From a policing perspective, early childhood trauma is something frontline officers take very seriously, says Const. Lindsay Dillon of the Royal Newfoundland Constabulary’s intimate-partner violence unit. The first priority when responding to a report of violence in a home is to ensure all occupants are safe, she says, and the second priority is supporting them.


“Safety is our Number 1 concern, and exposing the child to as little as possible.” — Const. Lindsay Dillon, RNC


“The first thing we do is try and get (the abuser) out of the home as quickly as possible,” Dillon says. “Safety is our Number 1 concern, and exposing the child to as little as possible.”

That can mean bringing them to a different room as one of their parents is handcuffed and taken into custody. If police are able to establish safety for the child with the protective parent once the accused is arrested, they will provide resources, alerting child-protection workers with the Department of Children, Seniors and Social Development (CSSD). In severe cases, CSSD social workers will attend the scene and remove the children on the spot to protect them. That in itself can prove traumatic for a child.

RNC officers with the intimate-partner violence unit will follow up with the victim, Dillon says, discussing a safety plan for themselves and their children, ensuring access to resources and liaising with the courts to provide updates.

Frontline officers receive sensitivity training and other specific education when it comes to dealing with victims of intimate-partner violence — both the adult and child victims — but it’s often impossible to be hardened to the aftermath of those types of calls.

“A lot of the frontline officers are parents,” Dillon says. “It’s sometimes difficult to shut off the heart in those situations.”


Contact the Kids Help Phone for support: 1-800-668-6868


There’s evidence to suggest the cycle of violence often continues, with children growing up to become offenders or victims themselves. It’s something Dillon has personally witnessed.

“I’ve got 16 years in this job and it absolutely has happened,” she says. “I’ve seen service requests in our system where I’ve recognized a name and then realized, oh yeah, they were involved in a call with mom and dad. Every child is different, but it’s a learned behaviour. If they grow up in a house with violence, it’s all they know. The trauma is normalized.”

About half of the inmates in Canada had experienced childhood abuse in a range of forms, a study out of McMaster University revealed two years ago, analyzing data from 30 years of research into Canadian prisons. It’s a common issue addressed in the criminal courts, often taken into consideration as a mitigating factor upon sentencing — as an explanation, not an excuse.

Many women in violent intimate relationships report having grown up in a home where it was all they knew, Moore says.

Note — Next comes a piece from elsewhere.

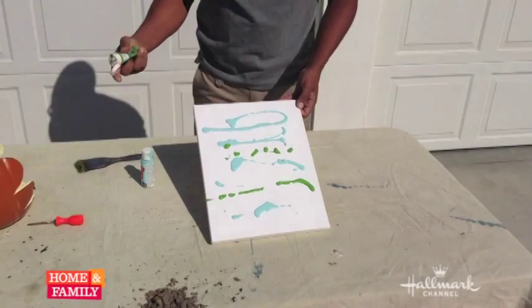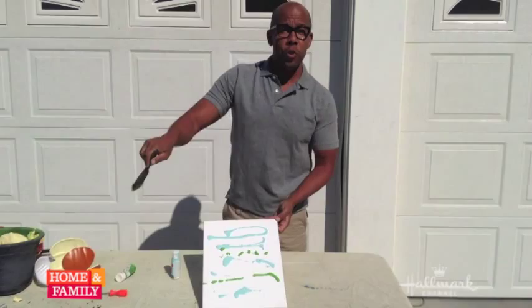Once you've done that, all you're going to do is get a dry brush and blend it all together. Just do back and forth nice easy motions.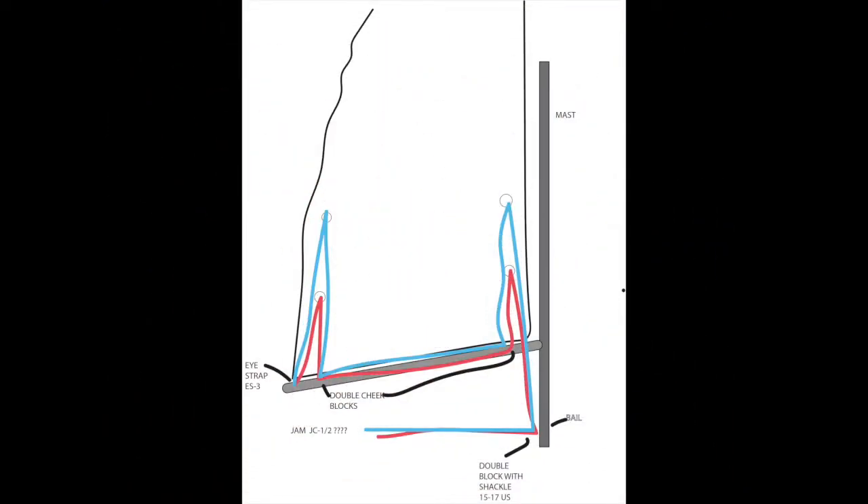Hopefully this will become less confusing when you actually see the install. This was not that difficult to install. Most items are bolted with stainless steel bolts. We get all of our stainless steel screws, bolts, and nuts from a company called The Nutty Company.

The solution, she says, comes down to early education, both in terms of ending the cycle of violence and helping children to speak up about what they may be experiencing at home.

“I really believe that this is a gendered crime, one that sees men as abusers and women as victims most of the time,” she says. “I think that respect and gender dynamics and equality should be part of our core subjects from grades K-12. A problem well-defined is a problem half solved, so if we start teaching our children about gender disparity and inequity then those children are going to grow up and create a world where we see a lot less of those things.”

In the meantime, Moore says, more supports for survivors and offenders would go a long way.

“A lot of women love the abuser but hate the abuse, and a lot men are like that, too — they don’t want to be that way. The more supports we can provide them, the more we can undo what’s going on now.”